Claims of Collaboration with Drug Traffickers and Paramilitaries Sting the Country’s DAS Security Service and Support Allegations of DEA Corruption Published in Narco News


By Dan Feder
Special to The Narco News Bulletin

April 29, 2006

Though it has barely registered in the U.S. press, a national scandal is currently unfolding in Colombia, where a jailed high official of the Administrative Department for Security (DAS, in its Spanish initials) has been speaking freely with journalists about the extensive collaboration between the secret police agency and right-wing paramilitary groups.

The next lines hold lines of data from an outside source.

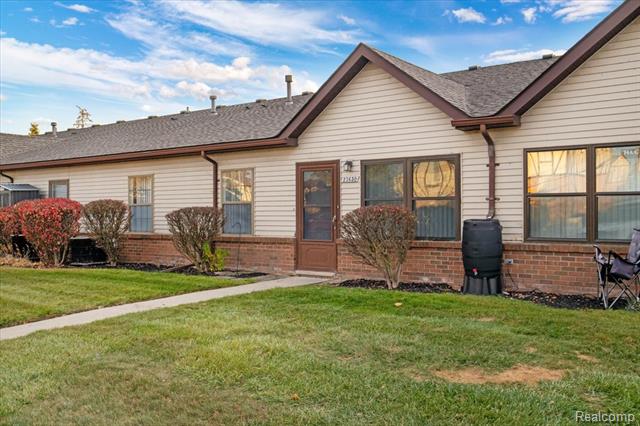 Builiding view three for 23650 Cottrell, Clinton Township, MI. 48035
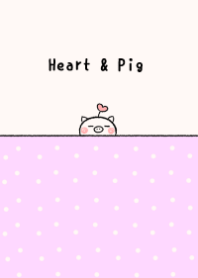heart & pig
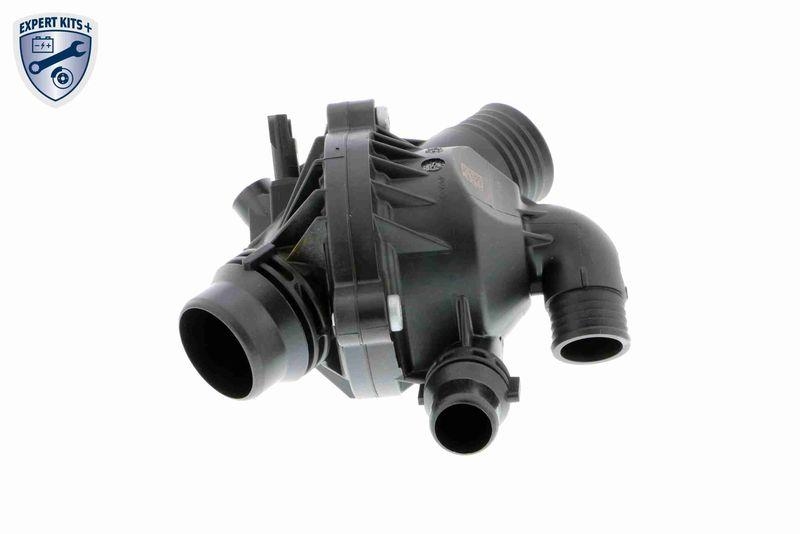 VEMO V20-99-1286 Thermostatgeh&auml;use 103&deg;C mit Geh&auml;use U. Dichtung f&uuml;r BMW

Rafael García lost his post as DAS’ information technology chief after being charged with taking bribes from rightwing paramilitaries and narcos (often, one and the same). He now claims that DAS has been working for years, at least since Uribe’s 2002 election, in conjunction with the paras and their narco allies, sharing documents and intelligence to help kill and intimidate activists and unionists, help powerful drug traffickers avoid prosecution and murder informants. And investigative journalists in Colombia have verified and shed more light on a number of these claims.

Sound familiar? Narco News for the past four months has been uncovering a web of corruption linking the U.S.’s own DEA agents and other law enforcement personnel with drug traffickers and paramilitaries in Colombia. The new allegations about paramilitary and narco infiltration of the DAS make the “Kent Memo” (the internal Justice Department document claiming corruption in the DEA’s Bogotá office) all the more believable. They give a picture of a war on “drugs and terror” in Colombia that is corrupt to the core, and in which the most powerful narcos are seasoned experts at working with the same law enforcement entities charged with bringing them down.


Jorge Noguera on the cover of Cambio magazine.
The DAS is a strange beast, jumping in to many roles that in most countries would be handled by several different agencies. It handles immigration and tourist visas in the airports, provides security to important political figures, does intelligence work for the ongoing civil war (occasionally combating rebels alongside the army), and functions as a secret police force that can arrest and interrogate anyone deemed to be a security threat. What narco with half a brain wouldn’t try to infiltrate an organization that holds the keys to so many doors?

The DAS does not fall under any justice department but rather is directly controlled by the president’s office. It is small wonder, then, that such revelations about the DAS would surface under the watch of Álvaro Uribe Vélez, the narcopresidente himself. The scandal has been brewing since last fall, when a DAS chief — who received his post shortly after Uribe took office — resigned after the Bogotá newspaper El Tiempo discovered some tapes that let the cat out of the bag. As Ramón Acevedo reported for Narco News in November:

After many years of international and national pressure to abide by international human rights, the Colombian government continues to use the military and paramilitary “death squads” as main weapons against the civilian population and political opposition. For decades, the Colombian military and their paramilitary allies have enjoyed a high level of impunity from judicial processes. Most recently, on October 23rd the head of Colombia’s secret police (DAS), Jorge Noguera, resigned after the discovery of tapes discussing the agency’s alleged plans to give intelligence information to the paramilitaries. In addition, the paramilitaries have boasted many times of how they control more than 35 percent of the Colombian congress.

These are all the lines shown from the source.